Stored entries

━━━━━━━━━━━━━━━━

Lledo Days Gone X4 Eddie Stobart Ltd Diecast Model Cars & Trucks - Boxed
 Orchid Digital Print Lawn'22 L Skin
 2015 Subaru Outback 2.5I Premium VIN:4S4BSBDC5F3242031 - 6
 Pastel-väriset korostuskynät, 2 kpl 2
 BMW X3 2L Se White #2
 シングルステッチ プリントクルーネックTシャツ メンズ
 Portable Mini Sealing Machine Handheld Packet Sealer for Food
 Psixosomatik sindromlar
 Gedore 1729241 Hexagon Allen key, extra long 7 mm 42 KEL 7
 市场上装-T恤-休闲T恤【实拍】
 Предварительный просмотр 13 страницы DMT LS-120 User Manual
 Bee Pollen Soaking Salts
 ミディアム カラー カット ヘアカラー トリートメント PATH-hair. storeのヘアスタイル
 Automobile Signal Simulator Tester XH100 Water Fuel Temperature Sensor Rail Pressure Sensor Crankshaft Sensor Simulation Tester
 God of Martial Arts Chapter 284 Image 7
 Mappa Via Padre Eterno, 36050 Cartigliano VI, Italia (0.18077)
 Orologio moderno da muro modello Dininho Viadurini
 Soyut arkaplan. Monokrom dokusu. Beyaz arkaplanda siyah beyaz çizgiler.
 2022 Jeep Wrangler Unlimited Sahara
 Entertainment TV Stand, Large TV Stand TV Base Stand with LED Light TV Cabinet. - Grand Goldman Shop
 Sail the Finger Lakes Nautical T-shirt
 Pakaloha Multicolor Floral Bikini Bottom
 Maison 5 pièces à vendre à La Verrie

━━━━━━━━━━━━━━━━

→ TASK REQUIREMENTS: The complete set of entries is to be restated word for word.

→ SOLUTION TO THE PROBLEM:
Lledo Days Gone X4 Eddie Stobart Ltd Diecast Model Cars & Trucks - Boxed
 Orchid Digital Print Lawn'22 L Skin
 2015 Subaru Outback 2.5I Premium VIN:4S4BSBDC5F3242031 - 6
 Pastel-väriset korostuskynät, 2 kpl 2
 BMW X3 2L Se White #2
 シングルステッチ プリントクルーネックTシャツ メンズ
 Portable Mini Sealing Machine Handheld Packet Sealer for Food
 Psixosomatik sindromlar
 Gedore 1729241 Hexagon Allen key, extra long 7 mm 42 KEL 7
 市场上装-T恤-休闲T恤【实拍】
 Предварительный просмотр 13 страницы DMT LS-120 User Manual
 Bee Pollen Soaking Salts
 ミディアム カラー カット ヘアカラー トリートメント PATH-hair. storeのヘアスタイル
 Automobile Signal Simulator Tester XH100 Water Fuel Temperature Sensor Rail Pressure Sensor Crankshaft Sensor Simulation Tester
 God of Martial Arts Chapter 284 Image 7
 Mappa Via Padre Eterno, 36050 Cartigliano VI, Italia (0.18077)
 Orologio moderno da muro modello Dininho Viadurini
 Soyut arkaplan. Monokrom dokusu. Beyaz arkaplanda siyah beyaz çizgiler.
 2022 Jeep Wrangler Unlimited Sahara
 Entertainment TV Stand, Large TV Stand TV Base Stand with LED Light TV Cabinet. - Grand Goldman Shop
 Sail the Finger Lakes Nautical T-shirt
 Pakaloha Multicolor Floral Bikini Bottom
 Maison 5 pièces à vendre à La Verrie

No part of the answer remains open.